Overview
A test statistic turns sample evidence into one clear number. It shows how far an estimate sits from a null value. Larger absolute values often mean stronger evidence. The meaning still depends on the test, direction, and degrees of freedom.
This calculator supports common statistics used in classes, labs, and reports. You can calculate z values, t values, chi-square values, F ratios, and correlation t values. You can also use a general standard error method when your study already gives an estimate and its standard error.
Why Test Statistics Matter
Hypothesis testing starts with a claim. The claim is usually called the null hypothesis. A sample is then measured. The test statistic compares the sample result with that claim. It scales the difference by expected random variation. That makes results easier to compare across studies.

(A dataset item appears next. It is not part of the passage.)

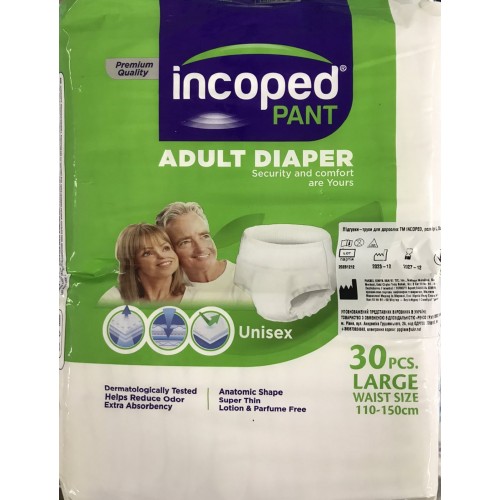 Підгузники-труси для дорослих Incoped M (40-70кг) 30шт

A small statistic suggests the sample result is near the null value. A large positive statistic supports a greater-than direction. A large negative statistic supports a less-than direction. For chi-square and F tests, large right-tail values are usually the focus.
Interpreting the Result
The calculator also estimates a p-value when the selected model supports it. The p-value shows how unusual the statistic is, assuming the null is true. A low p-value can support rejection of the null hypothesis. Use your alpha level before seeing the result. Common alpha levels are 0.10, 0.05, and 0.01.
Degrees of freedom are shown when they apply. They help define the reference distribution. A t test with a small sample has heavier tails. A chi-square test changes shape as degrees of freedom rise. Welch tests use an adjusted degree of freedom.
Good Input Practice
Use matching units for means and standard deviations. Use counts for proportion tests. Do not enter percentages unless the field asks for a proportion. For example, enter 0.62 instead of 62 percent. For goodness of fit, observed and expected lists must have the same number of categories.
Use this tool as a calculation aid. It does not choose the right research design. Check assumptions before reporting results. Normality, independence, equal variance, and sampling method can affect conclusions. Keep your raw data and notes with the exported summary. Save final outputs safely.